[TASK STATEMENT]
Extract the lines up to and including the one that contains "Lustre industriel pour", starting with the first line of the entries below, and omit the pictures.
Segment Start: DATA SUPPLIED
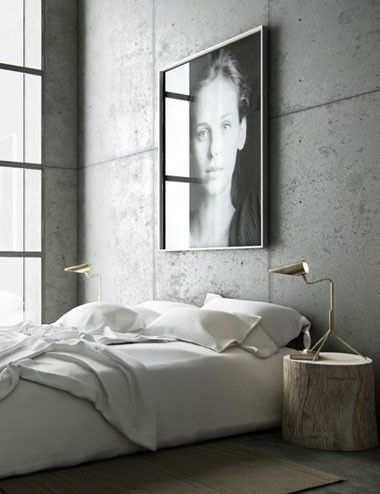 photo White Grey Industrial Bedroom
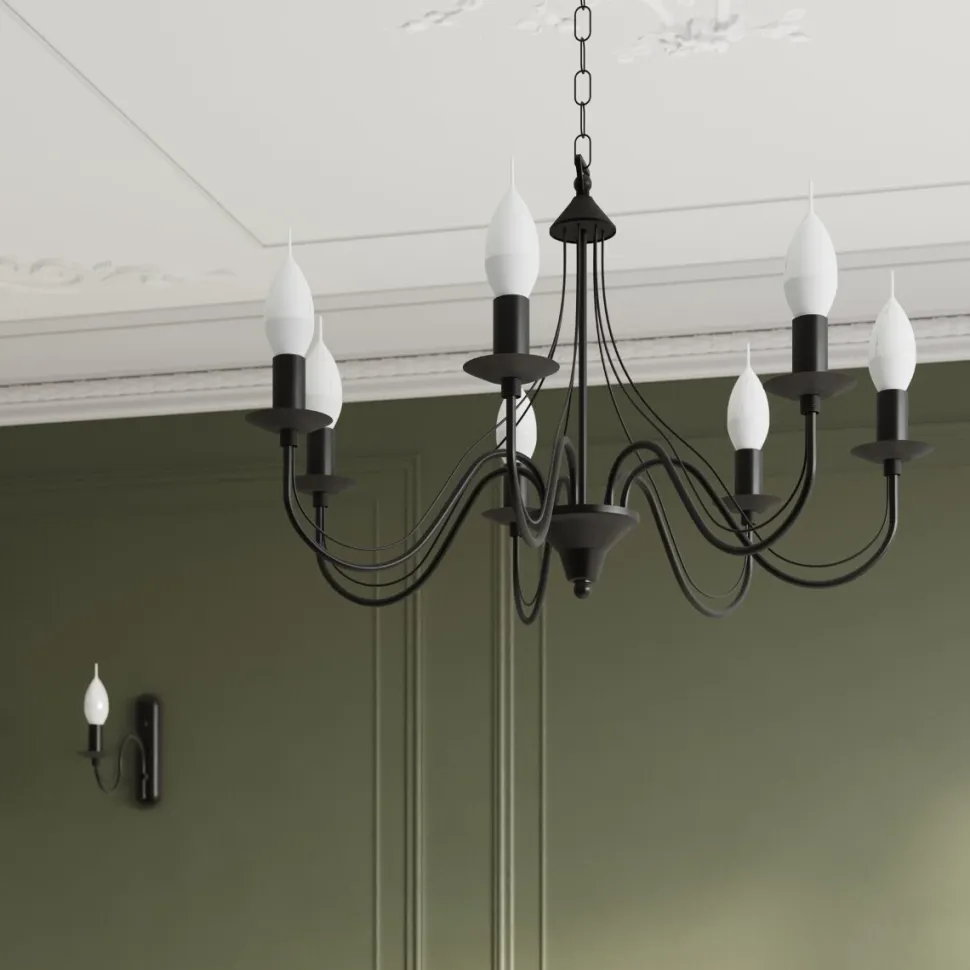 Żyrandol MINERWA 7 czarny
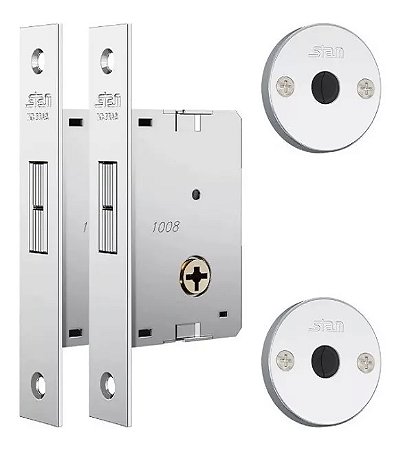 Trava Tetra Porta Correr 1008 Par Inox Roseta Redonda Stam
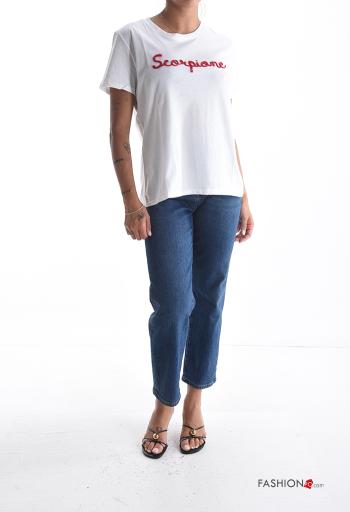 Lettering print short sleeve crew neck Cotton T-shirt - ph 5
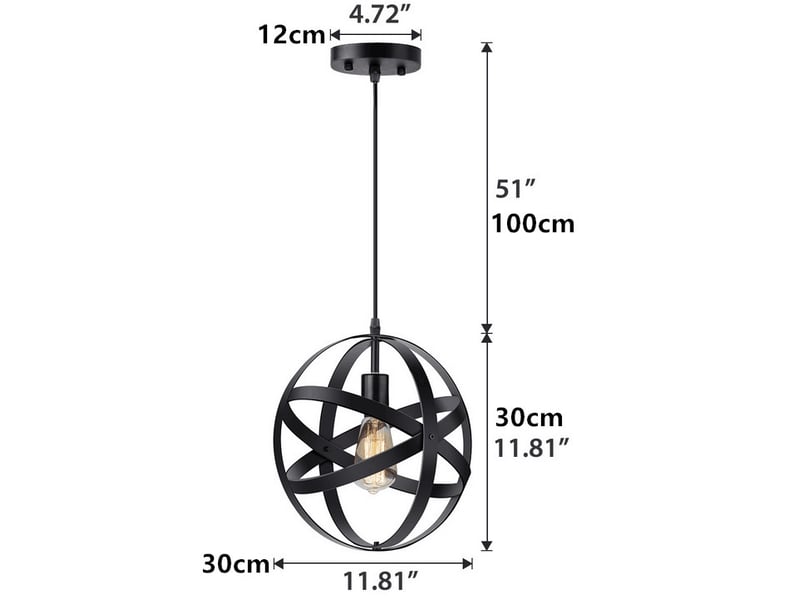  Lustre industriel pour restaurant bar salle à manger luminaire 30cm  - Conforama B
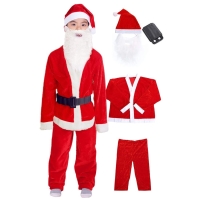 Generic 3Pcs Set Boy D Christmas Santa Claus Set Costume Hat Outfit
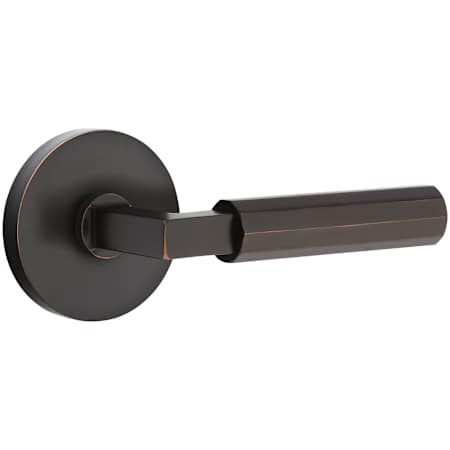 Emtek Faceted Reversible Non-Turning Two-Sided Dummy Door Lever Set from the SELECT Brass Collection Oil Rubbed Bronze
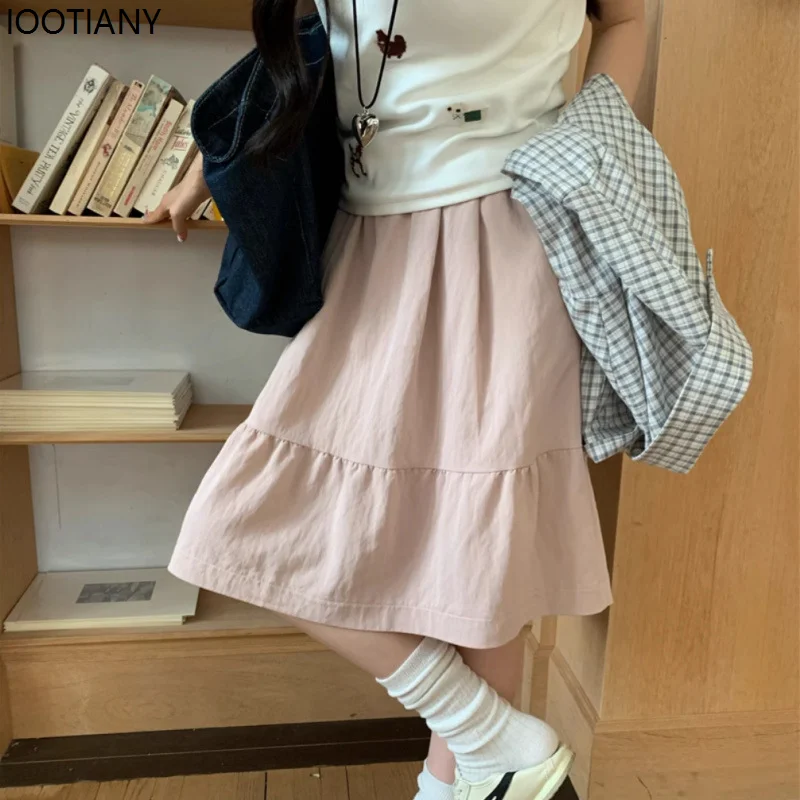 Japanese Women's Casual Skirt Spring Summer 2025 High Waist A-line Fashion Skirt College Style Skirt High Waist Umbrella Skirt
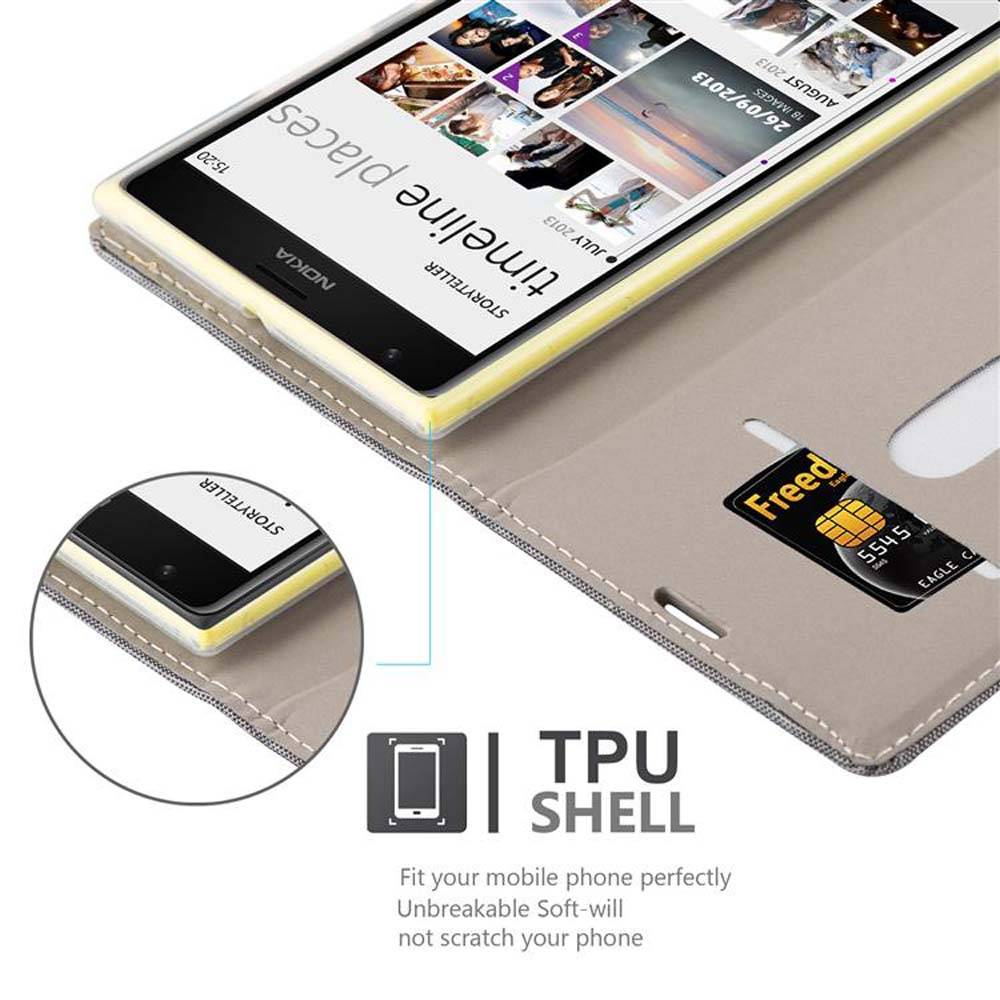 Cadorabo Hülle für Nokia Lumia 1520 Schutzhülle in Grau Handy Hülle Etui Book Case Cover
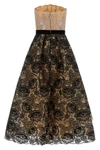 the elie saab guipure lace midi dress features a strapless fit-and-flare silhoue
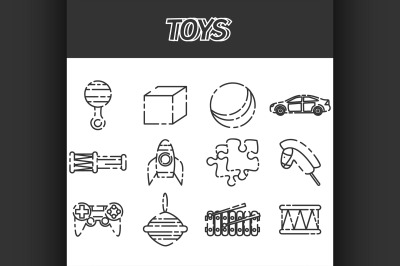 Toys icon set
Segment End: DATA SUPPLIED
[THE ANSWER]
 photo White Grey Industrial Bedroom
 Żyrandol MINERWA 7 czarny
 Trava Tetra Porta Correr 1008 Par Inox Roseta Redonda Stam
 Lettering print short sleeve crew neck Cotton T-shirt - ph 5
  Lustre industriel pour restaurant bar salle à manger luminaire 30cm  - Conforama B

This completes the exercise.